AMD Toolchain with SPACK

Micro Benchmarks/Synthetic

SPACK HPC Applications


The STREAM benchmark is a simple, synthetic benchmark program that measures sustainable main memory bandwidth in MB/s and the corresponding computation rate for simple vector kernels.

The general rule for running STREAM is that each array must be at least 4x the size of the sum of all the last-level caches used in the run, or 1 Million elements, whichever is larger.
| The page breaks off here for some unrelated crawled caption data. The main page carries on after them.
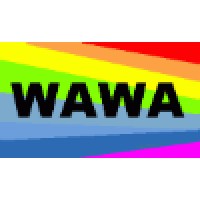 WaWa Logo
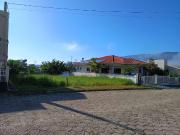 Terreno / Lote para Venda em Antônio Carlos/SC Centro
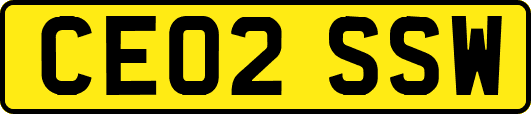 CE02SSW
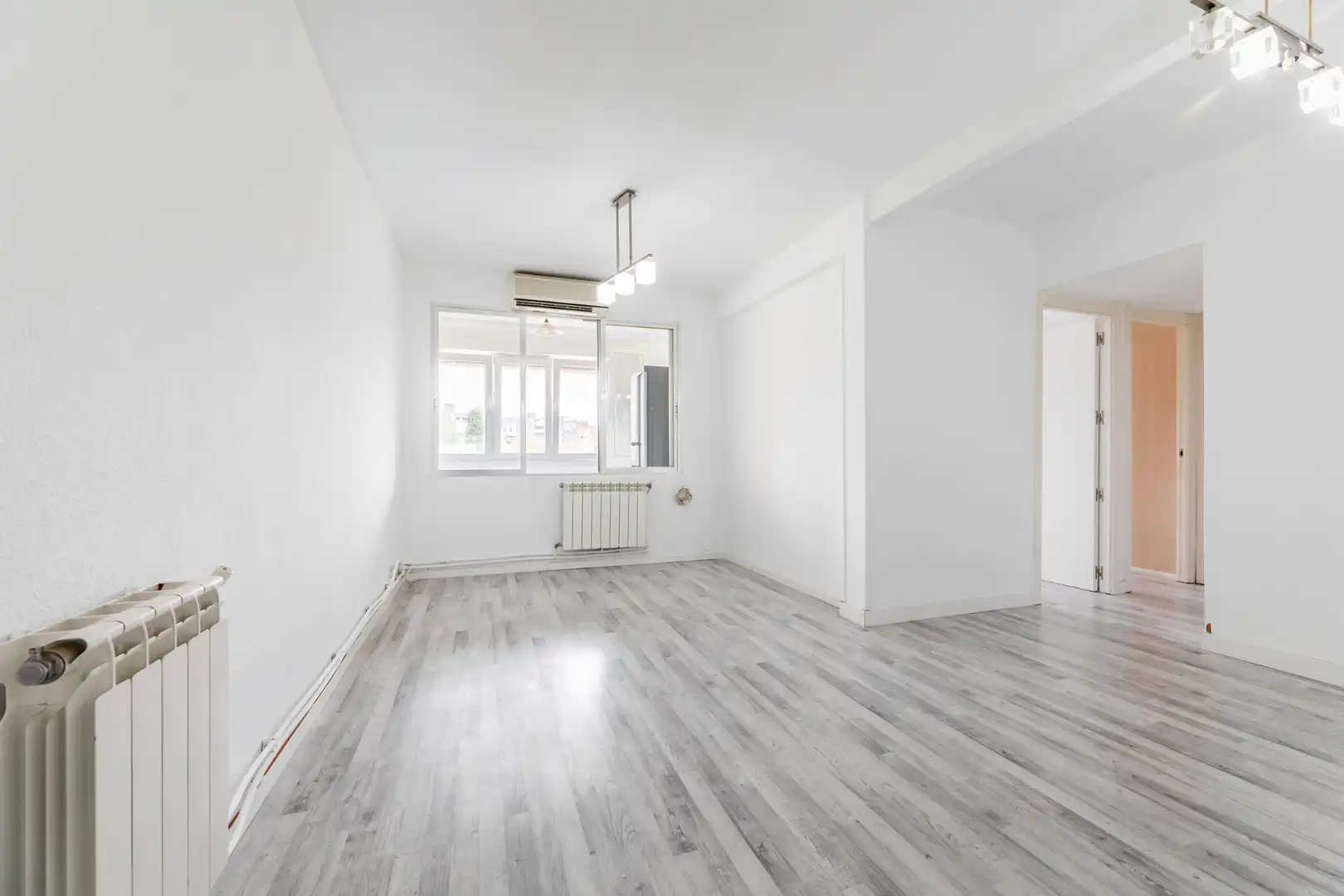 Appartement avec ascenseur à vendre à Calle de Francia, imagen 2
STREAM uses four kernels for analysis:

  1. ”Copy’ ‘ measures transfer rates in the absence of arithmetic.
  2. “Scale’ ‘ adds a simple arithmetic operation.
  3. “Sum’ ‘ adds a third operand to allow multiple load/store ports on vector machines to be tested.
  4. “Triad’ ‘ allows chained/overlapped/fused multiply/add operations.

Official website for STREAM:

Build STREAM using Spack

Reference to add external packages to Spack: Build Customization (Adding external packages to Spack)
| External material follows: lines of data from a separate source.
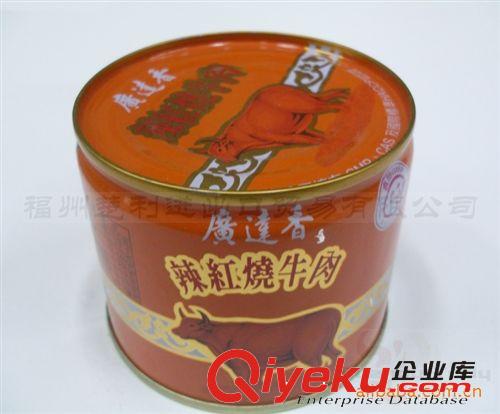 臺灣進口商品 罐頭食品 愛之味玉筍[120G] 調(diào)味品 整件批發(fā)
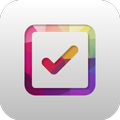 interActionLog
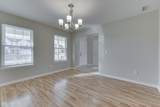 5814 Columbia Circle - Photo 17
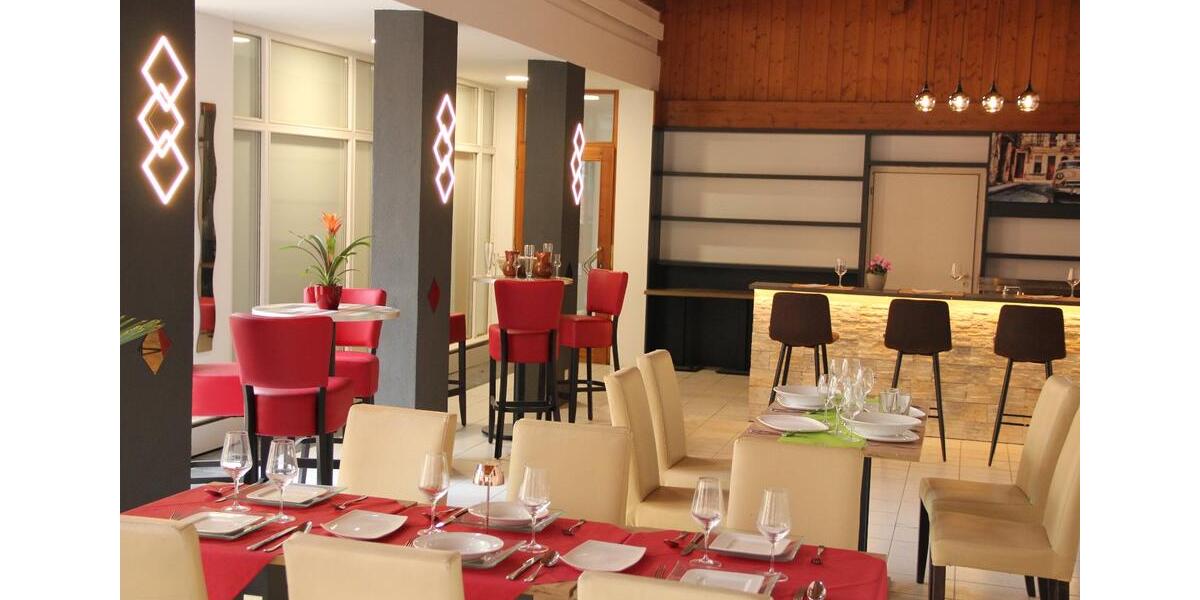 Gewerbeobjekt Zell am Harmersbach - 1.350&euro; | Angebot:24837830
# Format for Building STREAM
$ spack -d install -v stream@<Version> +openmp %aocc@<Version> cflags="CFLAGS"
# Example For  Building STREAM with AOCC 3.2.0
$ spack -d install -v stream@5.10 +openmp %aocc@3.2.0 cflags="-mcmodel=large -DSTREAM_TYPE=double -mavx2 -DSTREAM_ARRAY_SIZE=260000000 -DNTIMES=10 -ffp-contract=fast -fnt-store"
# Example For  Building STREAM with AOCC 3.1.0
$ spack -d install -v stream@5.10 +openmp %aocc@3.1.0 cflags="-mcmodel=large -DSTREAM_TYPE=double -mavx2 -DSTREAM_ARRAY_SIZE=260000000 -DNTIMES=10 -ffp-contract=fast -fnt-store"
# Example For  Building STREAM with AOCC 3.0.0
$ spack -d install -v stream@5.10 %aocc@3.0.0 +openmp cflags="-mcmodel=large -DSTREAM_TYPE=double -mavx2 -DSTREAM_ARRAY_SIZE=260000000 -DNTIMES=10 -ffp-contract=fast -fnt-store"
# Example: For Building STREAM with AOCC 2.3.0
$ spack -d install -v stream@5.10 %aocc@2.3.0 +openmp cflags="-mcmodel=large -DSTREAM_TYPE=double -mavx2 -DSTREAM_ARRAY_SIZE=2600000000 -DNTIMES=10 -ffp-contract=fast -fnt-store"
# Example For  Building STREAM with AOCC 2.2.0
$ spack -d install -v stream@5.10 %aocc@2.2.0 +openmp cflags="-mcmodel=large -DSTREAM_TYPE=double -mavx2 -DSTREAM_ARRAY_SIZE=2600000000 -DNTIMES=10 -ffp-contract=fast -fnt-store"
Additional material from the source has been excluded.